EG: Yes, sometimes saying nothing at all is just the right thing. Silence can be a powerful form of communication itself. It’s hard to know since there are no handy rules. As you write about relationships, “And beneath everything, the queasy possibility that it might all end tomorrow.”

The past refuses to be nailed down and yet I think memoir can help sift through what happened. Whether you believe in the idea of memoir as therapeutic or not (some people hate that idea) I think it’s impossible not to learn by writing through what happened. Mary Karr writes, “For the more haunted among us, only looking back at the past can finally permit it to become past.” Did the act of writing change how you felt about the losses you sustained? Did it plant them more firmly in the past?

PL: Well, I can see why some have trouble with the word “therapeutic.” It puts all the emphasis on the writer, and in the most involving memoirs, the writer is often using personal experience in the service of questions—say, questions about attachment, boundaries, identity, bodyness, control, loss. The reader has room to participate. Intimacy is possible. I wonder if “therapeutic” also implies that the conflict is resolved in the writing—or maybe a wish for it. Some distance has been achieved through the use of language—i.e., the shaping of a story.

I think of The Narrow Door as a container and I’m still learning from the material I put into that container. I’m still asking questions of it. I hope its readers keep talking back to it too. My gut feeling is that we’re all dealt a few very particular conflicts. Those conflicts are ongoing. If we’re lucky we’re not done in by those conflicts, but we can live with them, against them, alongside them, whatever. Sometimes we thrive in spite of those conflicts, sometimes not. And they’re never so firmly in the past. I think that’s why, as readers, we’re more likely to be drawn to endings that suggest the story isn’t over.

 

EG: I love that—we can live with them, against them or alongside them—and the idea that the conflicts we deal with are never completely past. As you wrote about M, “But the story is never linear, and this might only be another beginning.”

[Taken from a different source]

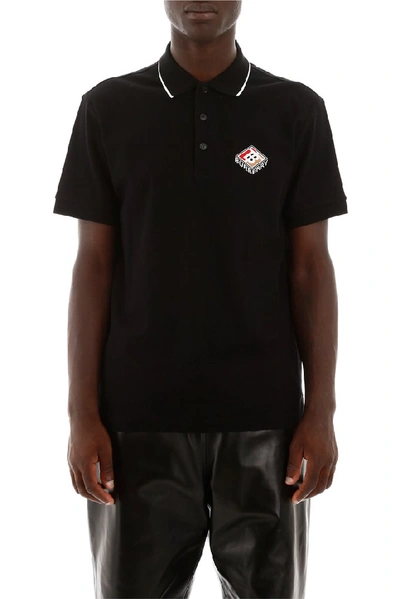 Shop Burberry Logo Embroidered Polo Shirt In Black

Speaking of new beginnings, I’ve read that you are at work on another book of essays. Can you talk about that project—when you might be sharing it with the world and what themes you are writing about?

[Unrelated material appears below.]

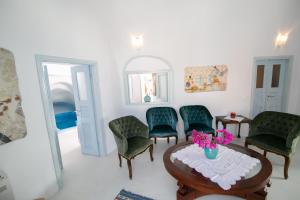 um quarto com cadeiras verdes e uma mesa com flores em Kastro Oia Houses em Oia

PL: I’ve been working on a full-length nonfiction book for the last two years. Initially it was a book about Provincetown in the early 1990s, at the height of the AIDS epidemic, and then it was a book about my father—or the spine of his story. Then I got the idea to put those two threads side by side, and the book pretty much took off. I could talk a little about what it’s exploring, but I’d like to preserve its wandering for just a little bit. It’s in a growth phase, and I think that that probably depends on keeping the material a mystery—at least to myself. Once I pin it down there’s less to find out. And one day soon it will have an actual title.

 


 

Eileen Garvin is the author of How to be a Sister: A Love Story with a Twist of Autism (The Experiment). Her essay “Sisters on the Road to Somewhere” appeared in the anthology Easy to Love But Hard to Live With (DRT Press).

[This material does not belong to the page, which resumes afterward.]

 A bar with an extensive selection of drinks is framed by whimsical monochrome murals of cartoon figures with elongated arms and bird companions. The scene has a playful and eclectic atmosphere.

Paul Lisicky is the author of five books: The Narrow Door (a New York Times Editors’ Choice), Unbuilt Projects, The Burning House, Famous Builder, and Lawnboy. A 2016 Guggenheim Fellow, his work has appeared in The New York Times, The Atlantic, BuzzFeed, Conjunctions, Ecotone, Fence, The Offing, Ploughshares, Tin House, and in many other magazines and anthologies. He is an Associate Professor in the MFA Program at Rutgers University-Camden.